Supposing one-half of his patients are Black and one-half are white, if Trivedi were to load their information into an AI model and train it, based on race alone it would have a higher likelihood of diagnosing breast cancer in his Black patients because, statistically speaking, they have a higher likelihood of breast cancer. “But that’s not the right way to do it,” he says. The model would rely on the statistical prevalence of the disease and find more cancers in the Black women, when it should be relying on the imaging. To remove the bias, the data used to build the model need to be adjusted. 

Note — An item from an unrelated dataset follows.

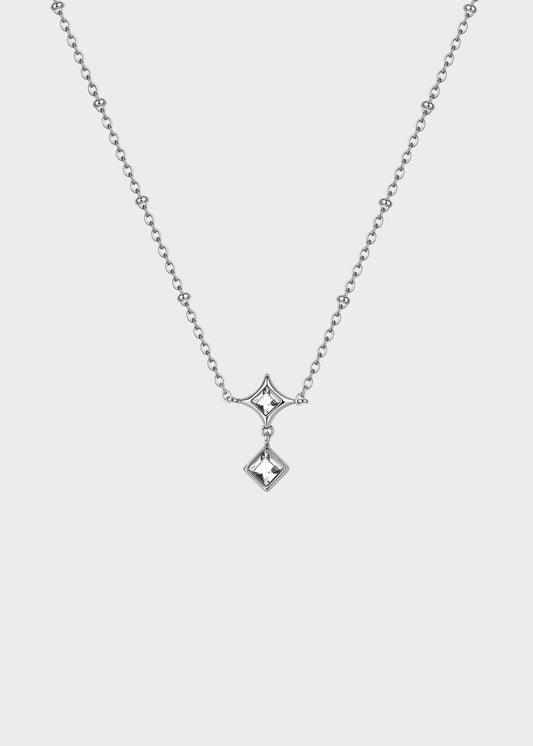 Collana Luce girocollo in acciaio con pietre pendenti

“We would have to remove some white patients with low-grade disease and add patients with higher-stage disease, as well as remove some African American patients with higher-stage disease and augment with ones with lower-stage disease, then use those data to train the model,” Trivedi continues. “This way, what the model sees is not that the African American patients have worse cancer, and that bias is removed from the data.”

Continual Training
Cook says it’s also important that AI models be retrained periodically. “You might get new imaging equipment or do imaging studies with different protocols; your patient population may change,” she says, adding that any of these things could impact the performance of the model. “You need to watch and pick up those instances and adjust and adapt.” A model’s performance, once it’s trained, is inevitably going to degrade because of these factors, Cook says. “And we radiologists, or any clinician user, need to be sensitive to that.” 

“A big concern that is growing now is that AI tools are very specific to the data used in training them,” Erickson says. “We hoped that by collecting data from many institutions and diverse populations that we would not have this ‘generalization’ problem. It appears now that might have been overly optimistic.” In fact, he says, one vendor of AI, though not one in the imaging space, recommends that users retrain their AI every six months on their data, to avoid the data-drift problem.

AI will continue to expand and provide more detection tasks, Erickson says. At the same time, it will help with doing more quantitation. “I also see more applications where images are used for predicting molecular properties, which I find very exciting,” he says. “If we can predict molecular properties of tumors with high accuracy, we will become central players in precision medicine. It also will be used to predict the risk of other diseases, such as cardiovascular disease and stroke.”

Cook believes most radiologists are well beyond Hinton’s prediction about AI replacing radiologists. “At the risk of sounding like a teenager,” she says, “that’s so 2016. I really think that most radiologists, I hope in most cases, have gotten past seeing AI as a threat to their jobs and moved on to seeing it as another tool we can use for patient care, one we can be very involved in getting and developing for better patient care.”

— Beth W. Orenstein of Northampton, Pennsylvania, is a freelance medical writer and regular contributor to Radiology Today.